**Required action**
Please set down, word for word, the line that contains "651 Jann Ave Opa-Locka, FL 33054" and every line after it to the end of the entries below, omitting the pictures.

**Extracted information**
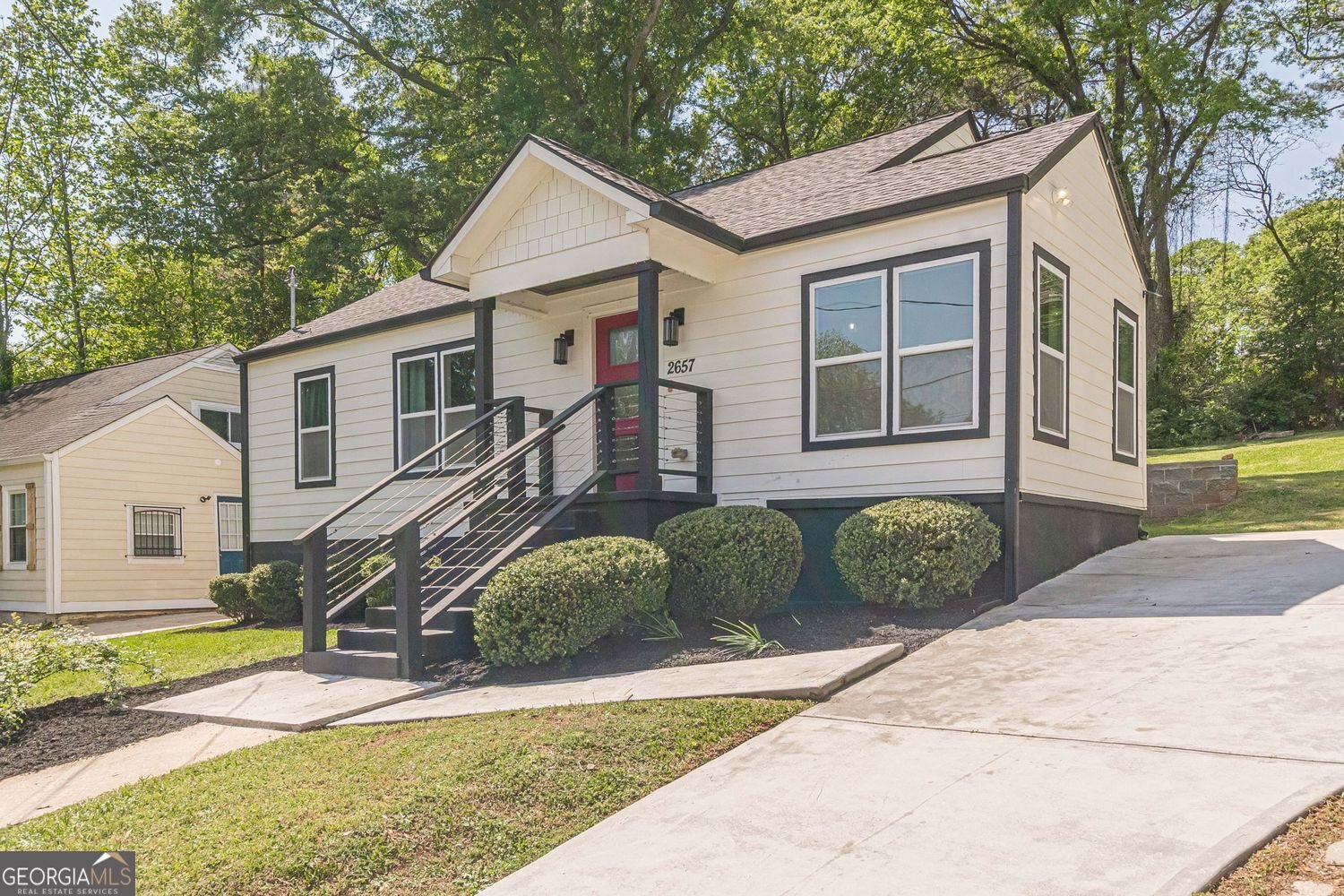 2657 Blount Street East Point - Photo 1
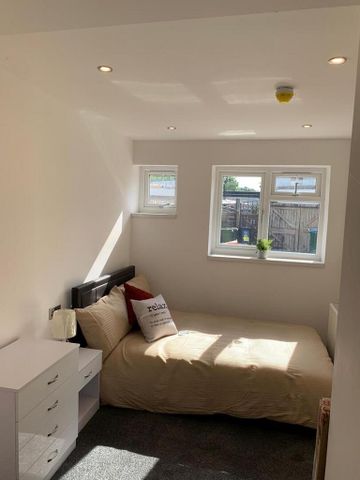 House to rent - Photo 5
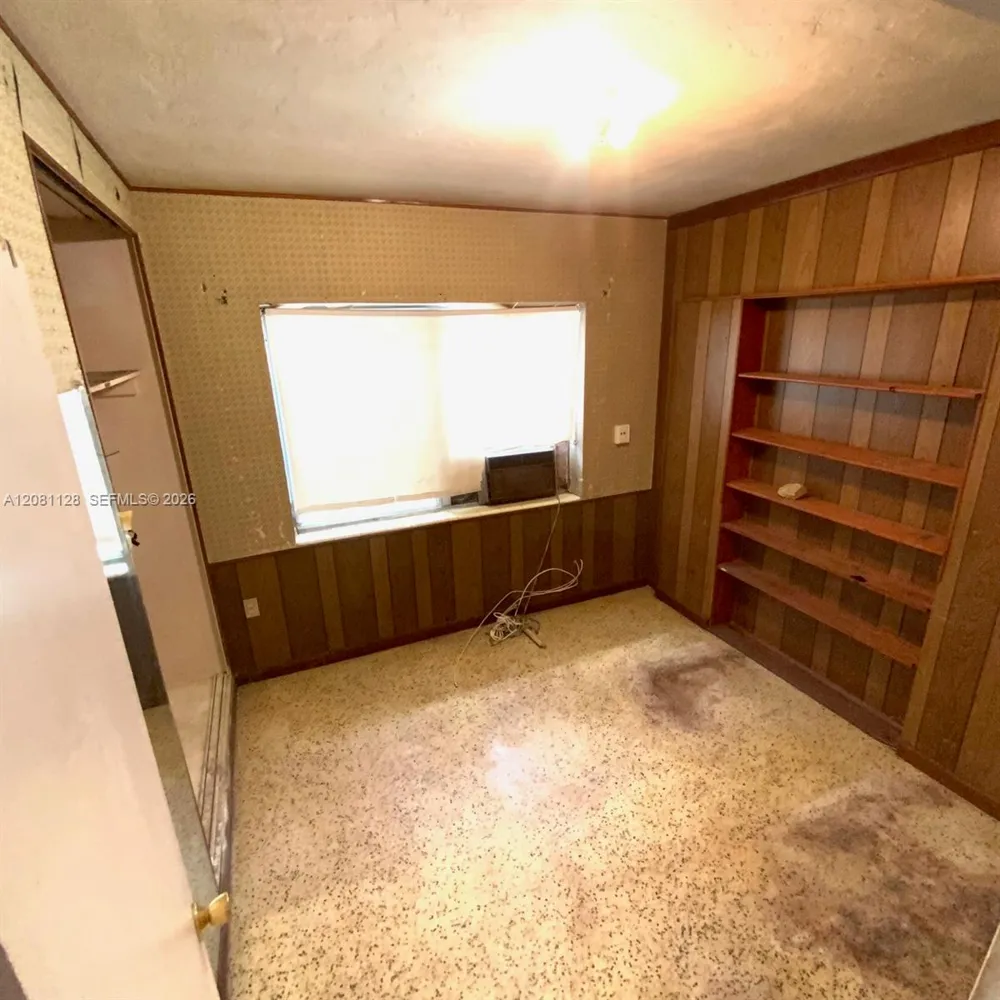651 Jann Ave Opa-Locka, FL 33054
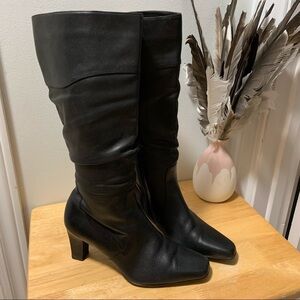 Aqua College black leather mid heal size 8M boots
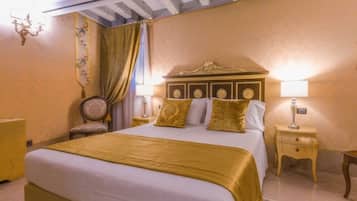 Classic Double Room | Hypo-allergenic bedding, in-room safe, soundproofing, free WiFi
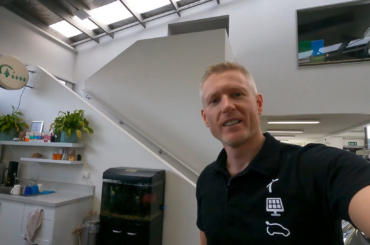 Mildly interesting: I found a 12 year old Nissan Leaf with just 325 km on the odometer and 95% healthy battery. It has that new car smell, too.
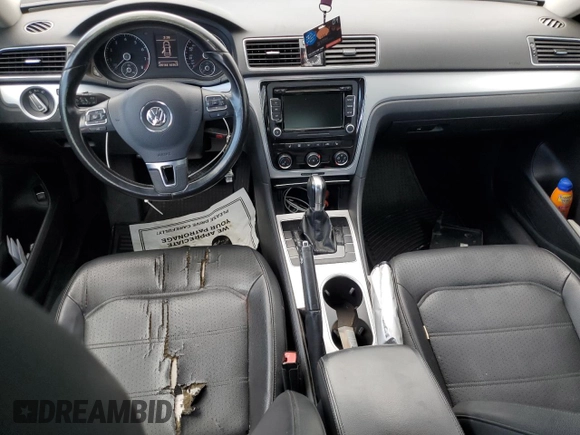 2013 Volkswagen Passat SE w/Sunroof & Nav with VIN 1VWBP7A35DC085070, listed as a Copart auction lot 46667265 with 205,166 mi miles and Salvage Title. Bid and sale history available at carsss.com. Image 8.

**Written solution**
651 Jann Ave Opa-Locka, FL 33054
 Aqua College black leather mid heal size 8M boots
 Classic Double Room | Hypo-allergenic bedding, in-room safe, soundproofing, free WiFi
 Mildly interesting: I found a 12 year old Nissan Leaf with just 325 km on the odometer and 95% healthy battery. It has that new car smell, too.
 2013 Volkswagen Passat SE w/Sunroof & Nav with VIN 1VWBP7A35DC085070, listed as a Copart auction lot 46667265 with 205,166 mi miles and Salvage Title. Bid and sale history available at carsss.com. Image 8.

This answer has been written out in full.